Keberhasilan Jambi dalam menembus kategori tinggi memiliki arti strategis. Pertama, ia membuktikan bahwa kualitas demokrasi tidak hanya bisa berkembang di pusat-pusat tradisi politik nasional, melainkan juga di daerah. Kedua, capaian ini memberi sinyal positif bagi investor, dunia usaha, dan masyarakat luas bahwa Jambi mampu menyediakan ruang politik yang stabil dan sehat. Ketiga, keberhasilan ini menjadi teladan bagi provinsi lain yang masih berjuang mengatasi tantangan demokrasi.
Refleksi lebih jauh membawa kita pada pemahaman bahwa demokrasi adalah proses yang terus berkembang. Sejarah menunjukkan, demokrasi di Indonesia sering menghadapi pasang surut, mulai dari masa Orde Lama, Orde Baru, hingga reformasi. Dalam konteks itu, capaian Jambi di tahun 2024 menjadi bagian dari mozaik demokrasi Indonesia yang kaya warna. Ada daerah yang mengalami kemajuan pesat, ada pula yang tertinggal atau bahkan mundur.
Namun demikian, angka IDI hanyalah pintu masuk. Tantangan sesungguhnya terletak pada bagaimana capaian tersebut bisa diwujudkan dalam praktik nyata sehari-hari. Demokrasi yang sehat bukan hanya tercermin dari statistik, tetapi dari kehadiran pemerintah yang transparan, media yang bebas, lembaga politik yang akuntabel, serta masyarakat yang aktif menyuarakan aspirasinya.

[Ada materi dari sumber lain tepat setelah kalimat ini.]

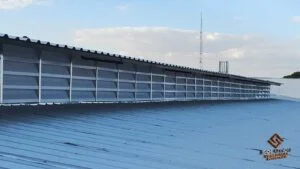 Lanternim Máxima Eficiência para iluminação natural e ventilação industrial otimizada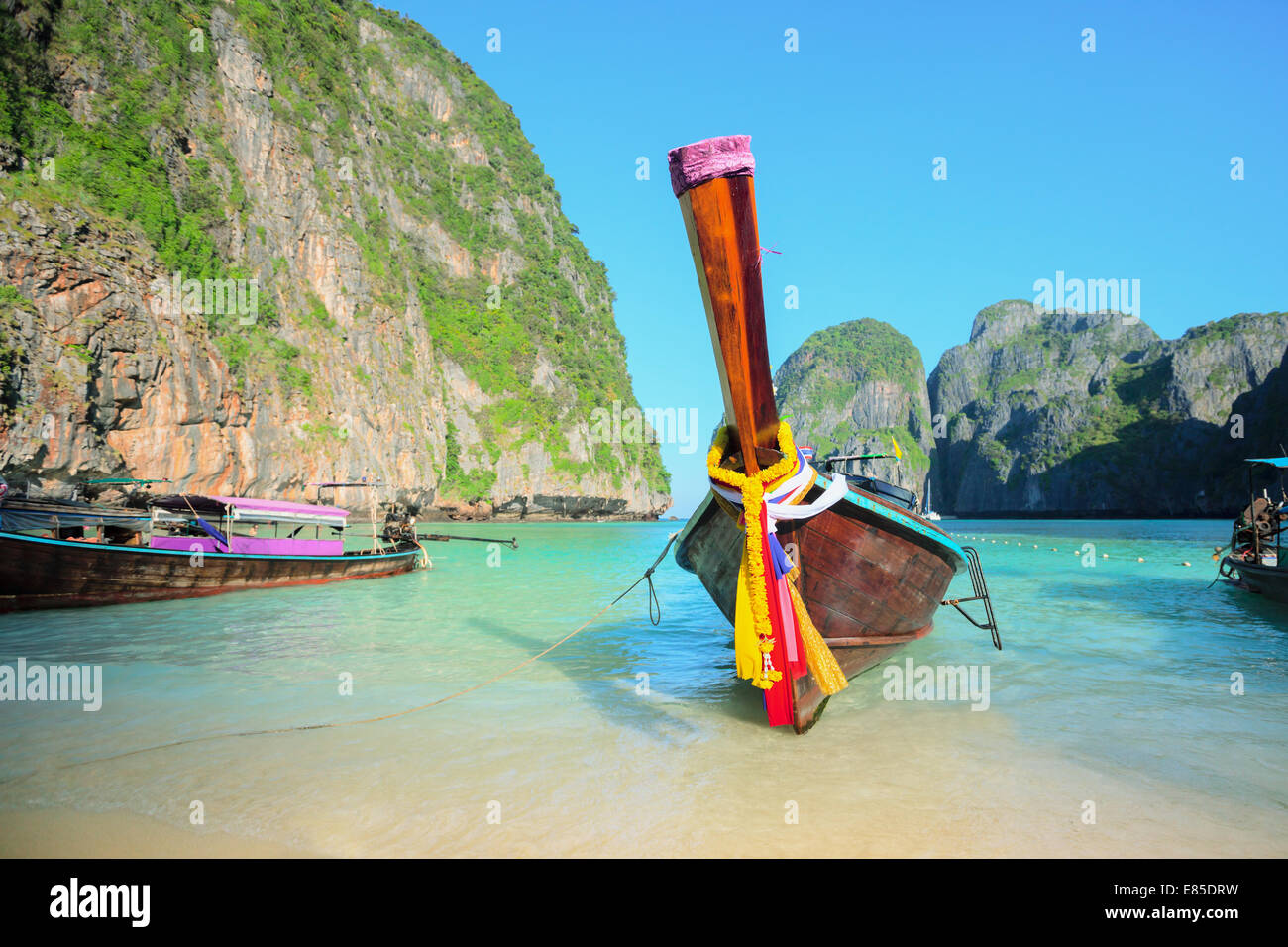 Lange tailed Boot. Thailand-Phi-Phi Inseln Stockfoto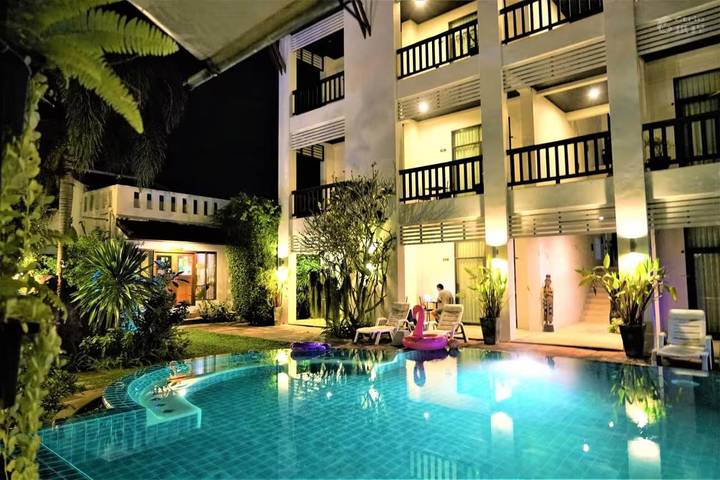 Hôtel pour 2 personnes, avec jardin ainsi que vue et piscine, adapté aux familles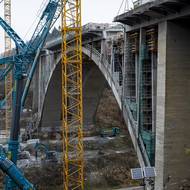 Pod mostem se pracuje i v zimě. 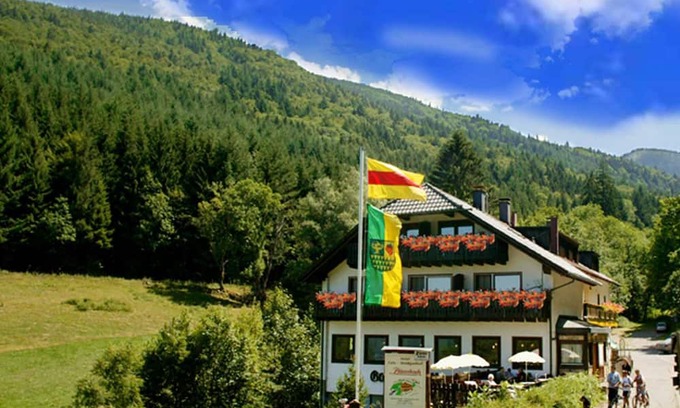 Waldkirch Apartamento | Apartment 'Kandelbleibe' with Balcony and Wi-Fi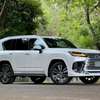 2023 Lexus LX600 thumb 5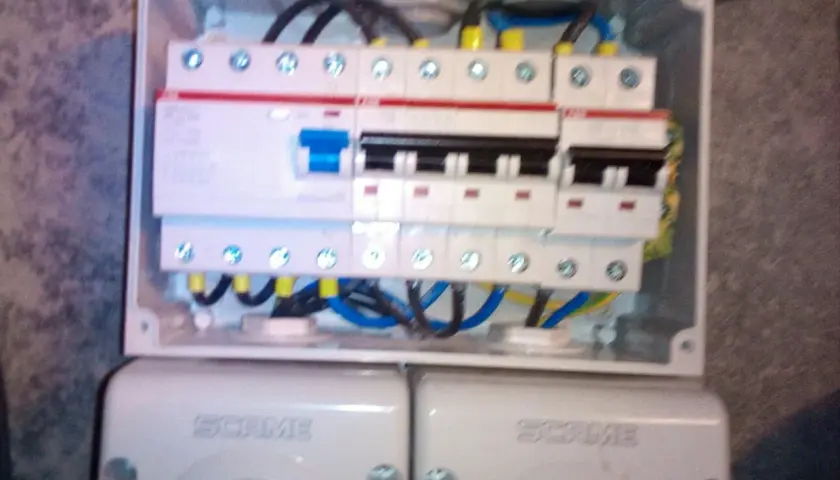 Jak podłączyć kabel 5 żyłowy bez błędów i zagrożeń elektrycznych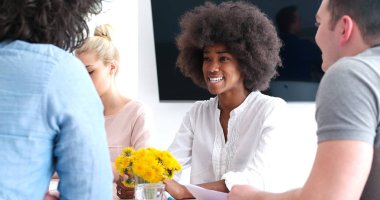 Çok ırklı bir girişim ekibi toplandı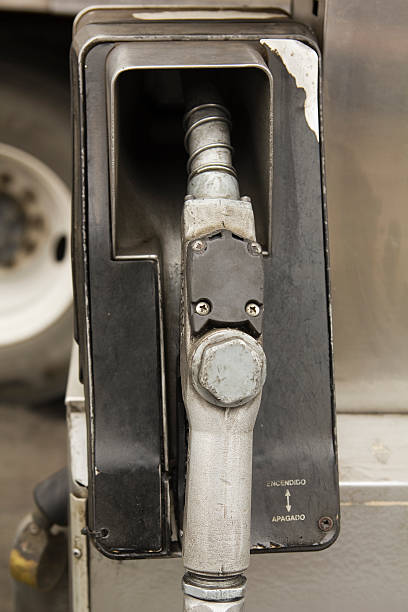 pump ugelli al distributore di benzina. - gas fuel pump labeling fuel and power generation foto e immagini stock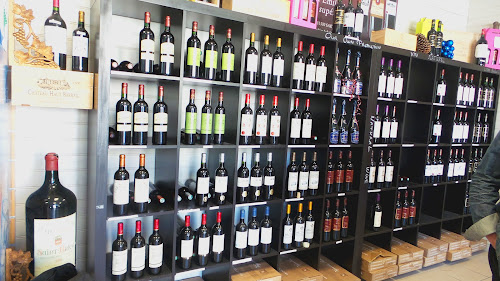 Magasin de vins et spiritueux LA CAVE DU CABANON - Vins de Bordeaux et Spiritueux Lacanau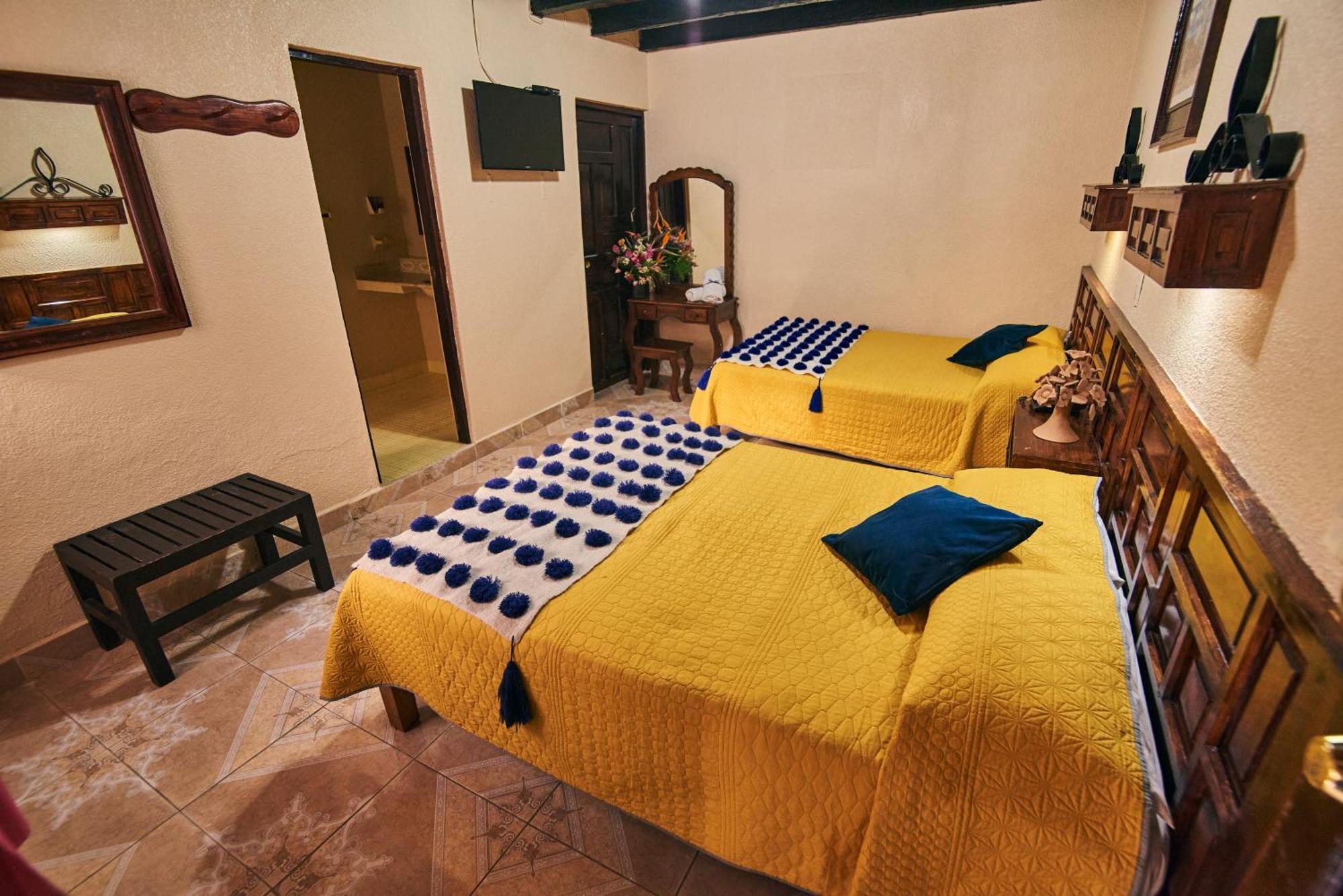 Hotel Palacio De Moctezuma San Cristobal de las Casas Luaran gambar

Pada akhirnya, keberhasilan Jambi mencapai nilai IDI ≥80 bukan hanya sebatas catatan statistik, tetapi menunjukkan bahwa demokrasi yang sehat bisa tumbuh di segala penjuru Nusantara bila sumber daya data, partisipasi masyarakat, dan pemerintahan daerah merespons tanggung jawabnya. Dengan data resmi dari BPS dan dataset “Indeks Demokrasi 2024” sebagai tonggak referensi, kita memiliki pijakan objektif untuk menilai kemajuan demokrasi. Mari menjadikan capaian ini sebagai momentum agar semakin banyak provinsi mengikuti jejak Jambi bukan hanya dari sisi angka, tetapi dalam praktik politik, pelayanan publik, transparansi, dan keadilan yang dirasakan masyarakat sehari-hari.